__Exercise materials__:
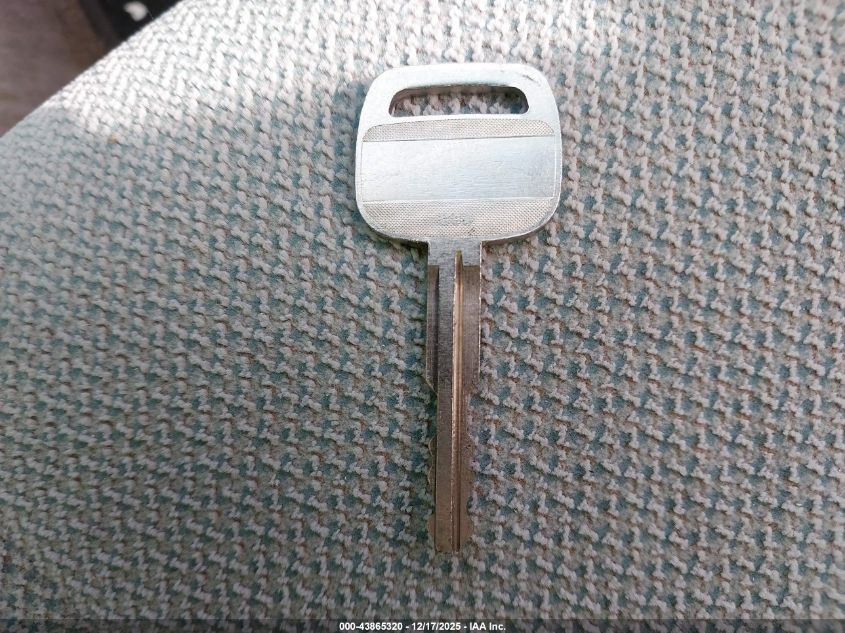 1994 Toyota Camry Le VIN: 4T1SK12E9RU449051 Lot: 43865320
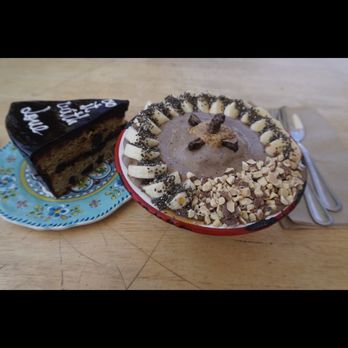 Green Table Cafe - Chocolate Blondie Cake and Spring Time Mint Bowl - Cafes Near Me - Los Angeles, California Green Table Cafe - Chocolate Blondie Cake and Spring Time Mint Bowl - Cafes Near Me - Los Angeles, California
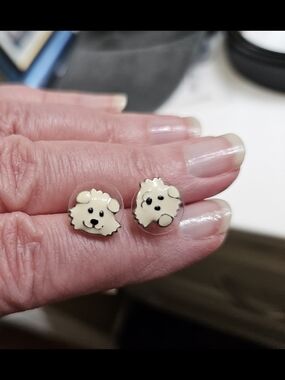 Cute Puppy Face Enamel Stud Earrings in Cream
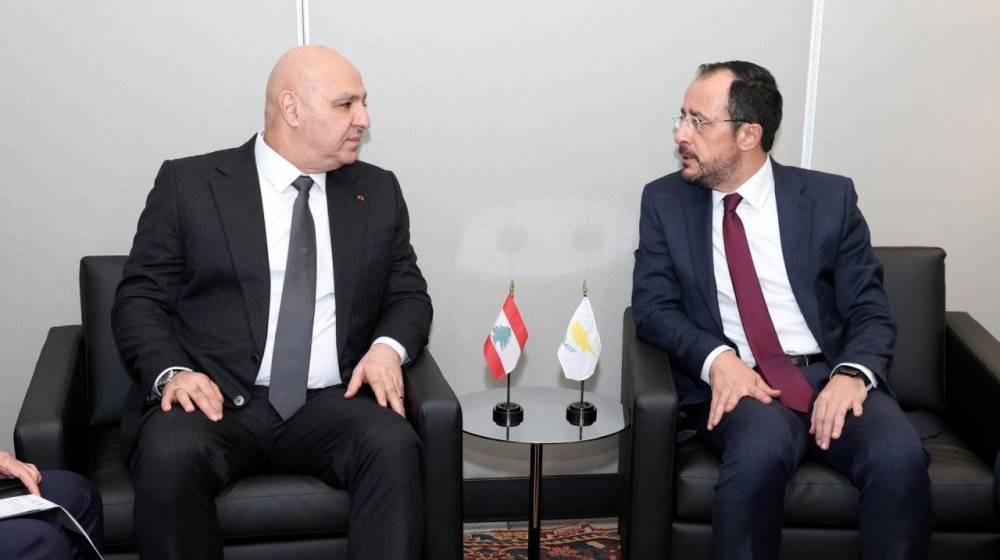 دعوتان من قبرص الى الرئيس عون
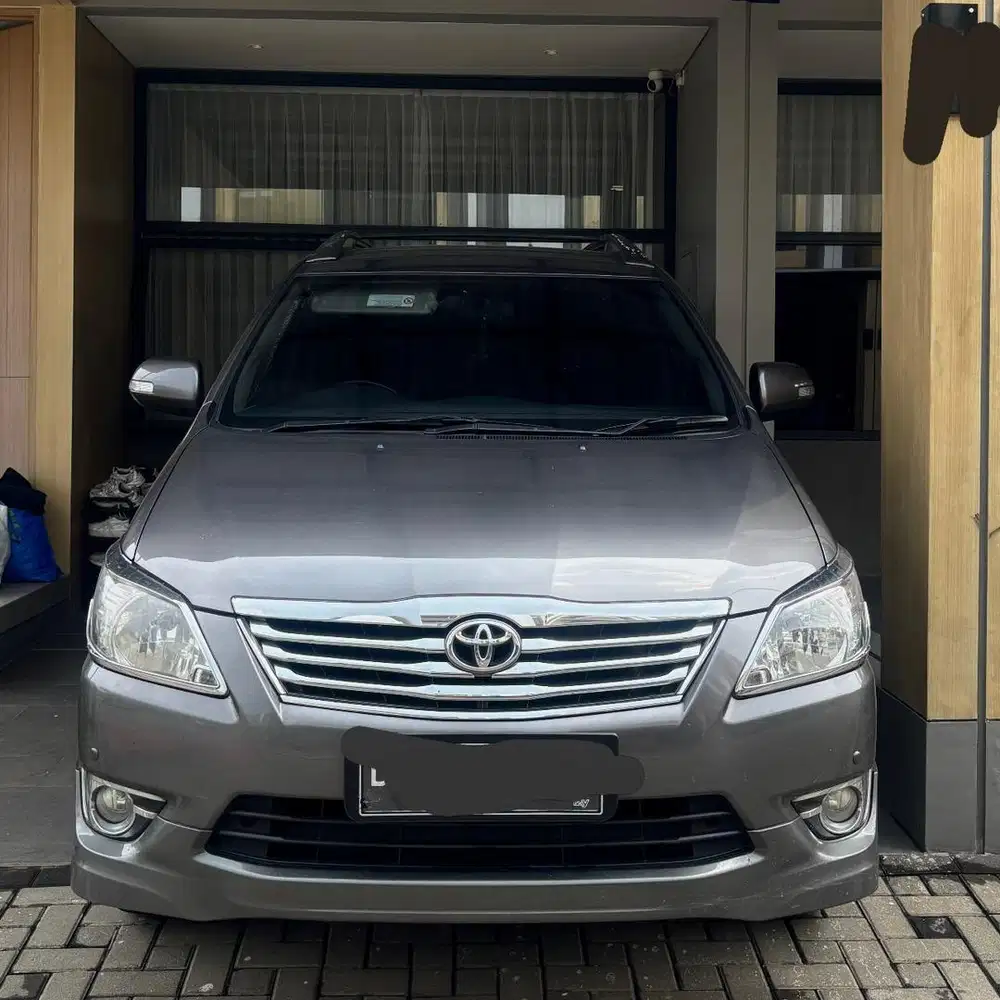 KM RENDAH | Toyota Kijang Innova 2.0 V Luxury AT Captain Seat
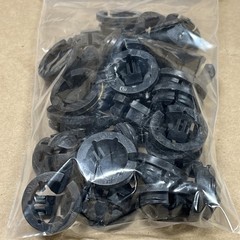 QTY 28 ARLINGTON NM94 1/2” NM CABLE CONNECTORS PUSH-IN ROMEX CLAMP Black Plastic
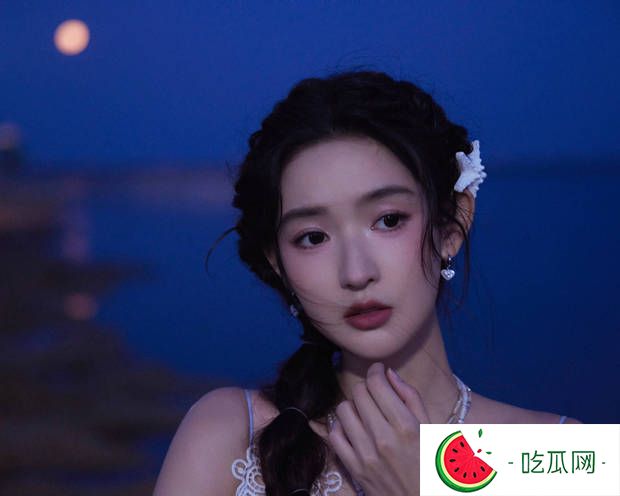 搜狐娛樂訊 5月14日，王玉雯一組夏日美照釋出，照片中她穿藍白色吊帶長裙清冷優雅，在夜色的海邊拍照氛圍感滿滿。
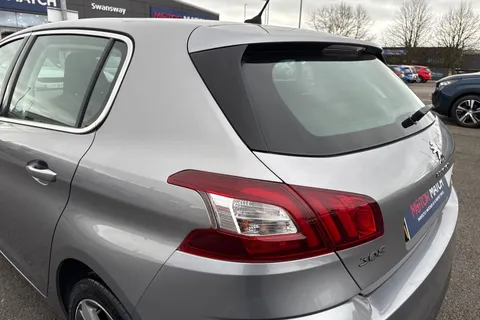 31 of 65 for PEUGEOT 308 1.2 PureTech Allure Euro 6 (s/s) 5dr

__What the exercise asks__: Omit every picture, then repeat the remaining data exactly as it appears above.

__Finished exercise__:
 1994 Toyota Camry Le VIN: 4T1SK12E9RU449051 Lot: 43865320
 Green Table Cafe - Chocolate Blondie Cake and Spring Time Mint Bowl - Cafes Near Me - Los Angeles, California Green Table Cafe - Chocolate Blondie Cake and Spring Time Mint Bowl - Cafes Near Me - Los Angeles, California
 Cute Puppy Face Enamel Stud Earrings in Cream
 دعوتان من قبرص الى الرئيس عون
 KM RENDAH | Toyota Kijang Innova 2.0 V Luxury AT Captain Seat
 QTY 28 ARLINGTON NM94 1/2” NM CABLE CONNECTORS PUSH-IN ROMEX CLAMP Black Plastic
 搜狐娛樂訊 5月14日，王玉雯一組夏日美照釋出，照片中她穿藍白色吊帶長裙清冷優雅，在夜色的海邊拍照氛圍感滿滿。
 31 of 65 for PEUGEOT 308 1.2 PureTech Allure Euro 6 (s/s) 5dr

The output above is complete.